I thought about creating a separate user ID that would have access only to a certain subdirectory, but that doesn’t seem to be how user IDs work.
I was just looking into using ‘banning,’ so to add the subdirectory but ban its contents, then make a smart playlist that only returned banned items, but I don’t think I can ban an entire directory (and banning individual tracks would be arduous).
Anybody have a good workflow for “I never want to hear this except when I want to hear it”? If I came up with a good way of flipping a switch, I’d probably use it for Christmas / holiday music, too.
That makes sense to me and is a good workaround - except that if I add content next month, I need to remember to apply that tag. (I’m really committed to laziness as a lifestyle.)

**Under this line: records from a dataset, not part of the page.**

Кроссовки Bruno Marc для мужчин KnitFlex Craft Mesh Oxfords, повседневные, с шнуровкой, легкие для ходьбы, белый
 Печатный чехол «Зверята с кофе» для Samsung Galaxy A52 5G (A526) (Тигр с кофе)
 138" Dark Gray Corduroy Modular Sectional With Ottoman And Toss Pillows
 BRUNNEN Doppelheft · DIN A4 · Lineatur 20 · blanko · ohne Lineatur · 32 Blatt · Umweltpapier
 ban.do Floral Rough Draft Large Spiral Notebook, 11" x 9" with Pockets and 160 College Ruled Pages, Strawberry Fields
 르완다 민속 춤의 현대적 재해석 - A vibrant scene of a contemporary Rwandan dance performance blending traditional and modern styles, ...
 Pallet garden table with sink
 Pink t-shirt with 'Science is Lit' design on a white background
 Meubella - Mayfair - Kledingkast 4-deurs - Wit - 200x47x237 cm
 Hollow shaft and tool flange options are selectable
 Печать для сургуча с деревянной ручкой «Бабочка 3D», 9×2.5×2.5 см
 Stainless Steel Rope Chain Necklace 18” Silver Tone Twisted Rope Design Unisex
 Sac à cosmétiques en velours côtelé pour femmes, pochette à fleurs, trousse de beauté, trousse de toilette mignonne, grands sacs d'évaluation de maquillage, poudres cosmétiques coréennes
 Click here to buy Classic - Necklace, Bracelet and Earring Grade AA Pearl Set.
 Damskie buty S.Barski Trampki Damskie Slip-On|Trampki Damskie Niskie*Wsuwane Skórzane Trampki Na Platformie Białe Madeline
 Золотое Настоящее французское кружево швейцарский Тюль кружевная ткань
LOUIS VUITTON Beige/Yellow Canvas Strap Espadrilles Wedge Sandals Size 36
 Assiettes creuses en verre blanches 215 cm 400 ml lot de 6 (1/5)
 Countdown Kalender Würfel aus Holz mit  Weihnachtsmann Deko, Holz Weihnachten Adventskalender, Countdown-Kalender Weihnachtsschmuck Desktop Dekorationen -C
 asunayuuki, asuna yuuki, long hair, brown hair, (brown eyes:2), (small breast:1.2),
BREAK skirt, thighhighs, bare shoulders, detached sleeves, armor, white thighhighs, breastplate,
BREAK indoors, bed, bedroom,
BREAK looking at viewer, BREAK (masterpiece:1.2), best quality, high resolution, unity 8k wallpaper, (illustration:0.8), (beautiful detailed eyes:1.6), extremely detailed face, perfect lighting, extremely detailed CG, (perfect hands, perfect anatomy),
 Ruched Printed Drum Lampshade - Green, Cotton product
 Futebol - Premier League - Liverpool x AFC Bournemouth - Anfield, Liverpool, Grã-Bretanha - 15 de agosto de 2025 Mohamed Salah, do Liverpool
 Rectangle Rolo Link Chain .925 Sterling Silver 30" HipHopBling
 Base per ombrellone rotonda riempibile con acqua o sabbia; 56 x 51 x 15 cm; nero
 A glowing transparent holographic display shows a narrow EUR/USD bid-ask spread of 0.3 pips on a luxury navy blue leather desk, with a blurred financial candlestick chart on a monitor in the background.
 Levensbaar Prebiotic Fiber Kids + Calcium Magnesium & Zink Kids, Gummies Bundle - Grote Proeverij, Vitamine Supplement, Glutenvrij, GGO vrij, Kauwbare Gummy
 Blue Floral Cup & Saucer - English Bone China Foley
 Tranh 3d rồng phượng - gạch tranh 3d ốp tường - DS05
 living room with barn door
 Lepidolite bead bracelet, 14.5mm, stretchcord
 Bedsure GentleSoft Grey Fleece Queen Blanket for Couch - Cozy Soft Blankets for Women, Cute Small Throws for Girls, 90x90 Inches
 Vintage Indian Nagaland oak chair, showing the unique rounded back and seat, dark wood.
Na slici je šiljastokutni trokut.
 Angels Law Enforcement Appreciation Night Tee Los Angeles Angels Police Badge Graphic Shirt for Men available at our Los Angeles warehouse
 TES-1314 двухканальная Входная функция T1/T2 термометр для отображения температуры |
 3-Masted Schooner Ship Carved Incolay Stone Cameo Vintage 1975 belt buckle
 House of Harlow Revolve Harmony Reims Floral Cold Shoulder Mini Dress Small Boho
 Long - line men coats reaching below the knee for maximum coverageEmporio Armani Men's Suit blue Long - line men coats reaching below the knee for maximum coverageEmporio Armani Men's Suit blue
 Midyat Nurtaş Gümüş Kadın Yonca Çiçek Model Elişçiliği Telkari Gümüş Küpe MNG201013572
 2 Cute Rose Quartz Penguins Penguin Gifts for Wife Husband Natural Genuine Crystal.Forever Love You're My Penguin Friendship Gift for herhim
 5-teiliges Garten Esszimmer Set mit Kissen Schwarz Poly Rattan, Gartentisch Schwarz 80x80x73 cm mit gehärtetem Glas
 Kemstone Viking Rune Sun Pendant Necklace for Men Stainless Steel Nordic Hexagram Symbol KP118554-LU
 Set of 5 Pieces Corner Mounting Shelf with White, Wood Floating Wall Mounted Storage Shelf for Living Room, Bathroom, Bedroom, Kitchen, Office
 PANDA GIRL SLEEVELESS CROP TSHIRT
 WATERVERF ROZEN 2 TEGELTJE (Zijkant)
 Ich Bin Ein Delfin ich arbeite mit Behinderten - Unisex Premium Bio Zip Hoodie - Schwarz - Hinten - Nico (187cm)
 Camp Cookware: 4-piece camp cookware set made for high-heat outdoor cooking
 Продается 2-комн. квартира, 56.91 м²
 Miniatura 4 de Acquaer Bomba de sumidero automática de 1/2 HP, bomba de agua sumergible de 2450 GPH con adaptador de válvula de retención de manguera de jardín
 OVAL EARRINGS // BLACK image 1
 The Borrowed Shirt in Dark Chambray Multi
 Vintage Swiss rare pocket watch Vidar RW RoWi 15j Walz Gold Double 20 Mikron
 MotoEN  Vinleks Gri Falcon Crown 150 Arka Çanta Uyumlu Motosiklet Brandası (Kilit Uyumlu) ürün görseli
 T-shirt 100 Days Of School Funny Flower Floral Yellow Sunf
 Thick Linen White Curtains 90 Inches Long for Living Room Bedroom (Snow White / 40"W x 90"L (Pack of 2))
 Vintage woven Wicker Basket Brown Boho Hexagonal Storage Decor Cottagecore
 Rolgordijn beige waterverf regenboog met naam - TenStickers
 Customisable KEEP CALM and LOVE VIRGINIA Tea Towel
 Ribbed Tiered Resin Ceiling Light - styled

Could I automatically apply that tag, or some other universal condition, to content added from a given directory?
If you add all of your Standup commody albums to a common sub folder (say Standup), then you can go to ‘Folder view’ and Navigate to the parent folder so that the Standup folder is visible. From there you can select it (at least on a Windows client) by using a Right Click. Once there, you can use the ‘…’ menu at the top of the screen to ‘Add to Tag’ from where you can select the appropriate Tag. This will apply the Tag to all albums in the ‘Standup’ folder.
I had the same issue with my classical ´back catalogue´, mainly sacred music, opera and classical boxsets which I might want to enable only twice a year but prefer them to being invisible during normal browsing.
My solution: Move them to a separate folder on the harddrive and keep that folder disabled for normal browsing and listening.
If works flawlessly and does not require much of effort to enable/disable these folders. The only ´downside´: You have to be a bit careful when performing a library cleanup in order not to dismiss metadata for the disabled folders.